• _YOUR INSTRUCTIONS_: Beginning with the line where "Available Units at Ratchada City Condo" appears, set down each line exactly until the records below end, and omit the pictures.

• _MATERIAL TO PROCESS_:
◇ ◇ ◇ ◇ ◇ ◇ ◇
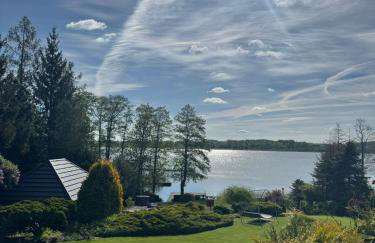 Family Lake House - Foto 16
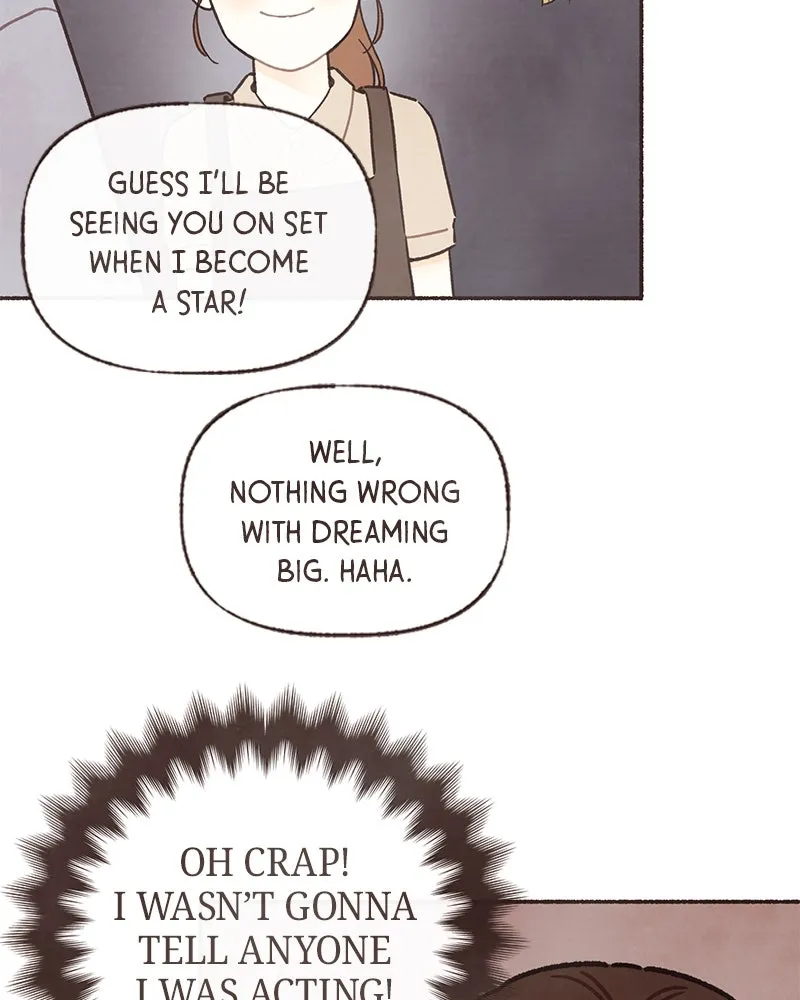 Read Transference chapter 40 image 65 on Lezhin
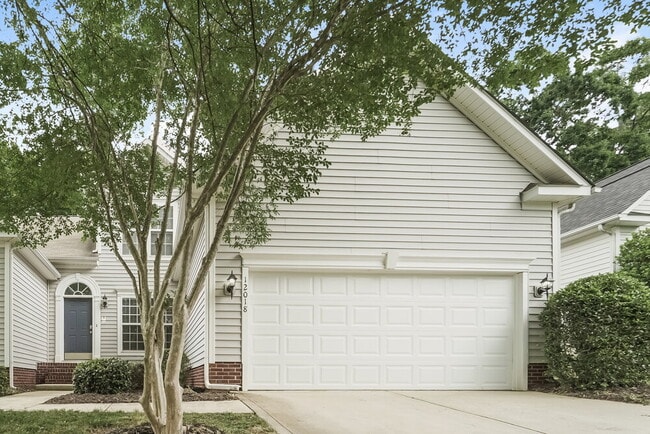 Building Photo - 12018 Cheviott Hill Ln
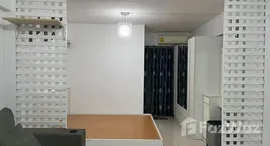 Available Units at Ratchada City Condo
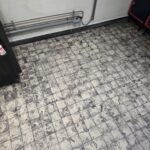 WhatsApp Image 2026-04-06 at 20.21.42 (5)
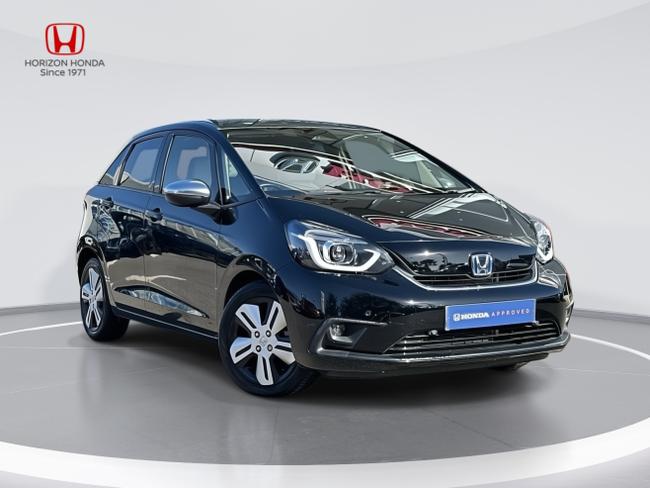 Honda Jazz Photo c3a8c7bf-a9c7-4da8-ac68-19e72a3ec61b.jpg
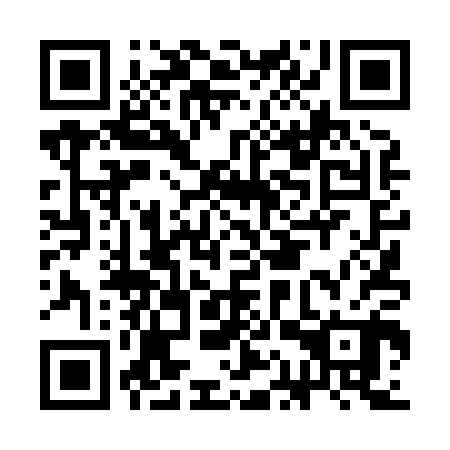 QR code for CAT 800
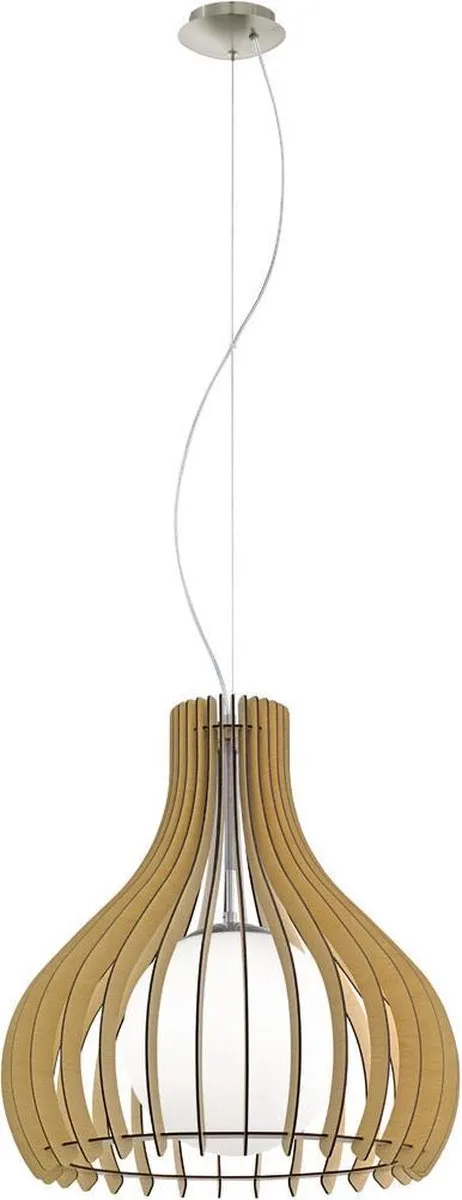 Eglo Tindori Hanglamp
◇ ◇ ◇ ◇ ◇ ◇ ◇
• _SOLUTION FOR THIS TASK_:
 Available Units at Ratchada City Condo
 WhatsApp Image 2026-04-06 at 20.21.42 (5)
 Honda Jazz Photo c3a8c7bf-a9c7-4da8-ac68-19e72a3ec61b.jpg
 QR code for CAT 800
 Eglo Tindori Hanglamp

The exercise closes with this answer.